Verify cluster security settings depending on whether or not the cluster is configured with the Enterprise Security Package (ESP).
Clusters with ESP Enabled
When the HDInsight cluster is configured with the Enterprise Security Package (ESP), verify security settings to access Azure Data Lake Storage (ADLS) Gen2 resources.
The Enterprise Security Package uses Kerberos authentication and Apache Ranger authorization to enable Active Directory (AD) based authentication, multi-user support, and role-based access control.
To verify that you have the required environment, see the Azure documentation.
In addition, set the following properties on the cluster when you integrate an HDInsight 4.x cluster with WASBS storage:
fs.permissions.umask-mode
The umask used to set default permissions on created files and directories.
Set to
000
.
Run as end user instead of Hive user (doAs)
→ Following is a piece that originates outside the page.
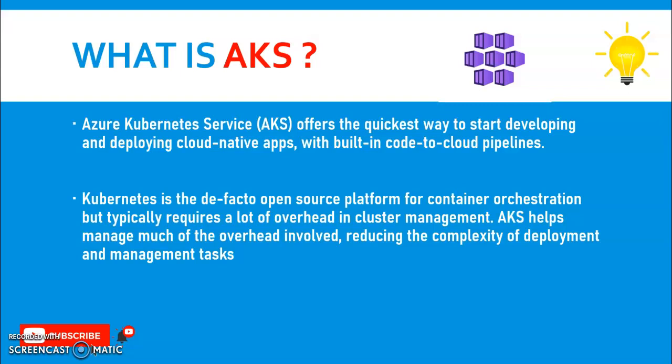Kubernetes is the de facto open source platform for container orchestration but typically requires a lot of overhead in cluster management. AKS or Azure Kubernetes Service helps manage much of the overhead involved, reducing the complexity of deployment and management tasks.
Enables the cluster to run jobs as the impersonation user and not the Hive user.
Set to FALSE.
Clusters without ESP Enabled
When the HDInsight 4.x cluster does not have the Enterprise Security Package enabled, verify the following properties on the cluster when it uses WASBS storage:
fs.permissions.umask-mode
The umask used to set default permissions on created files and directories.
Set to
000
.
Run as end user instead of Hive user (doAs)
Enables the cluster to run jobs as the impersonation user and not the Hive user.
Set to TRUE.
hive.metastore.execute.setugi
Enables the cluster to run jobs as the Data Integration Service user.